For either the best fund or the worst, how you couch the year's performance to date is key, says Dan Sondhelm, senior vice president at SunStar Strategic.
"It's really important for an investor to understand the story of the firm, what are they trying to accomplish, what is their discipline and repeatable process, how are they making money now or how are they protecting on the downside now - because if a firm is selling process then it's not about performance."
The story of China, Japan and Russia plays out at both ends of the fund performance spectrum, says A.J. D'Asaro, an analyst at Morningstar.
"Just as we saw the leveraged funds on Japan and China in the best funds, you get the ultra-short Japan, ultra-short China ending up in the worst performers."
Four healthcare funds also land on the best-performing list, largely because of biotech and not the healthcare sector as a whole, although that sector has performed considerably well with a 9.3% overall return, D'Asaro adds.
Some of the worst-off funds in the first half of the year were hit by rising interest rates, the global decline in oil prices and commodities, and even when the Swiss franc de-pegged from the euro.
"Bear market frequently seems to be an underperforming category, and that makes sense because the funds are shorting different markets," D'Asaro says. "That's one I think I see the most of in underperforming categories."
Funds performing well acknowledge there is much uncertainty in the market.
"If something big or dramatic happens, you can make money with respect of the direction," says David Miller, a portfolio manager at Catalyst Macro Strategy Fund. "I just think this is a very good market to be long volatility or long options, which is generally what our strategy is and why we have been doing so well very recently."
The marketing approach for the fund, which ranked fifth best, is simple, Miller says.
"We follow the story and try to help investors find ways they can diversify their portfolio, so they're not just betting on equities going up or making money off of funds," he says. "You can get a much better portfolio or risk adjuster turns if you include some alternatives."
The managers at Footprint Discover Value fund, among the bottom performers in the first half of the year, are similarly introspective.
"A couple of our positions, which are more heavily weighted positions, have been particularly early and somewhat disappointing fundamentally," says Stephen Lococo, a portfolio manager at the Omaha, Neb.-based firm.
"Our theme has been three-to-five years.
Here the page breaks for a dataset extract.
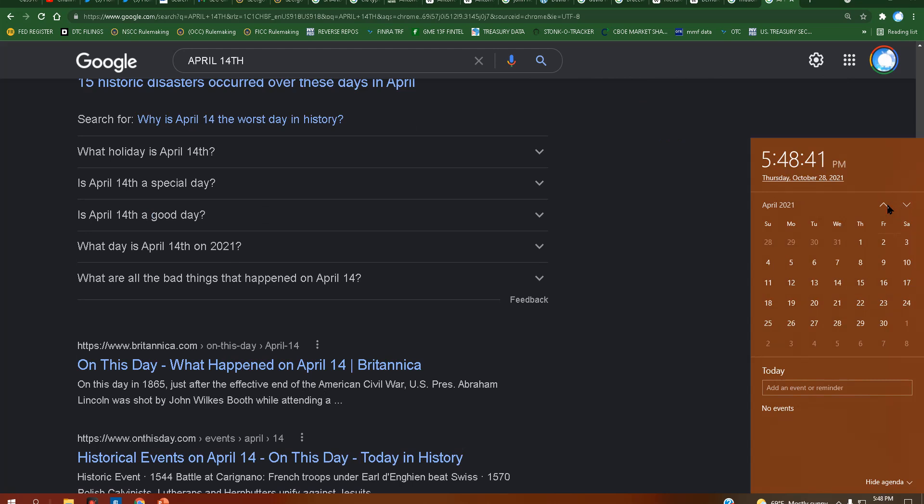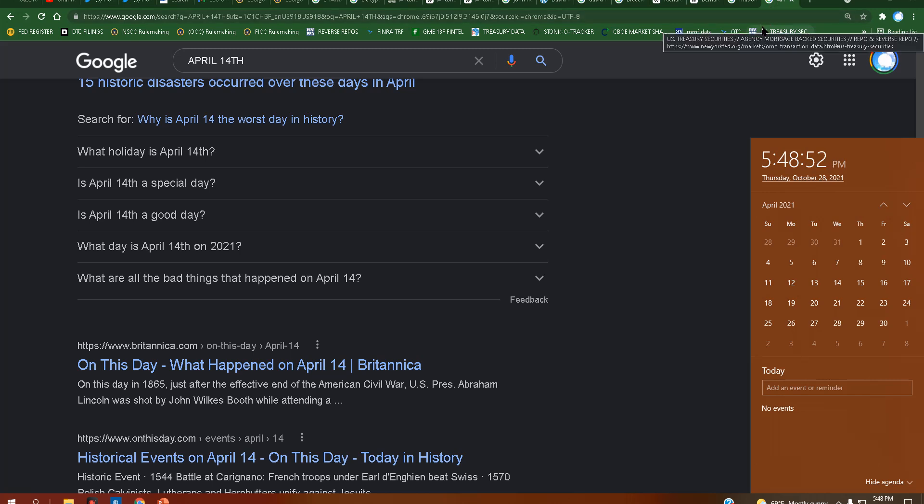April 14th was a Wednesday. That's basically when the market died too, because that's right when the repo market started going up. So maybe his death will give rebirth.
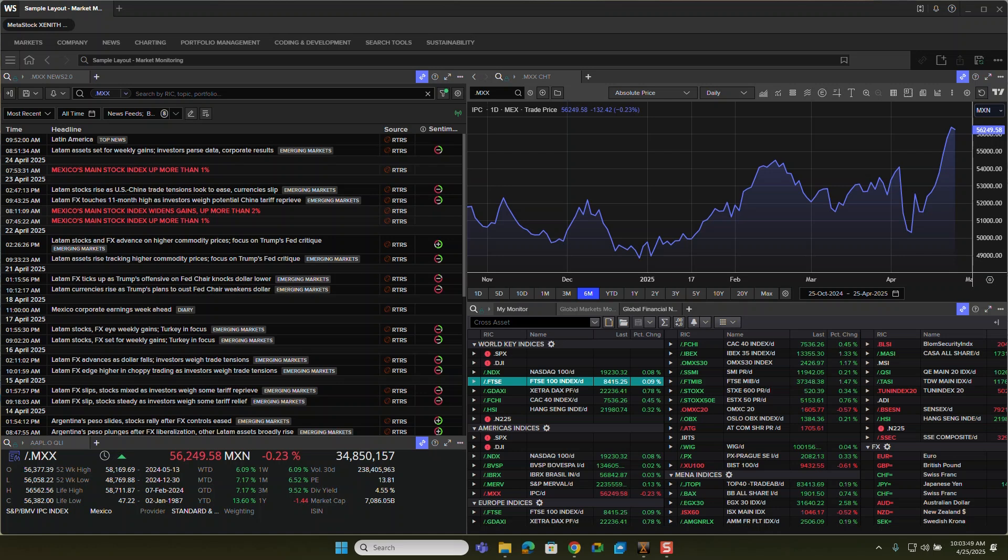So this has a chart, it has quote windows, it has news, and you can build this and customize this however you would like.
That's our sweet spot. Unfortunately we have to meet up when somebody looks at what our performance has been like.
"This is something that has happened before with our money management style. A lot of this has to do with it being a new fund and trying to get new assets at the same time."
Sondhelm says ending up in the worst funds list is not the end of the world.
"If you're ProFunds, you're supposed to do that, and if you're any of these other managers it's likely that maybe they had a lousy six months for some reason, but it's very likely that the story is still very strong.
"For example, the same portfolio manager who has been there for 10 years, with same strategy and he is sticking to his guns. Maybe the longer term performance is also strong. But if you have your story intact and investors understand your story, you're okay.
"A lot of firms go quiet when they hear this and avoid the issue, others proactively communicate to talk about why the fund has underperformed."
And if a fund is performing well, he advises firms to be their own promoters, scheduling sessions with the media, and engaging in a digital marketing campaign, assuming the firm has a good website to have traffic go to.
"That's why it's important that you always have to be thinking about your brand, your story, your visibility and your credibility, whether your funds are in favor or not," he says.
Remember that markets are cyclical, he adds. "Funds are always in and out of favor, and it's unlikely the same fund will be in favor forever, which means you have to be able to jump on these opportunities when a fund is outperforming."
"Same on the bottom -- a fund that is average or below average is at some point going to have their day in the sun. And they'll be the new winner."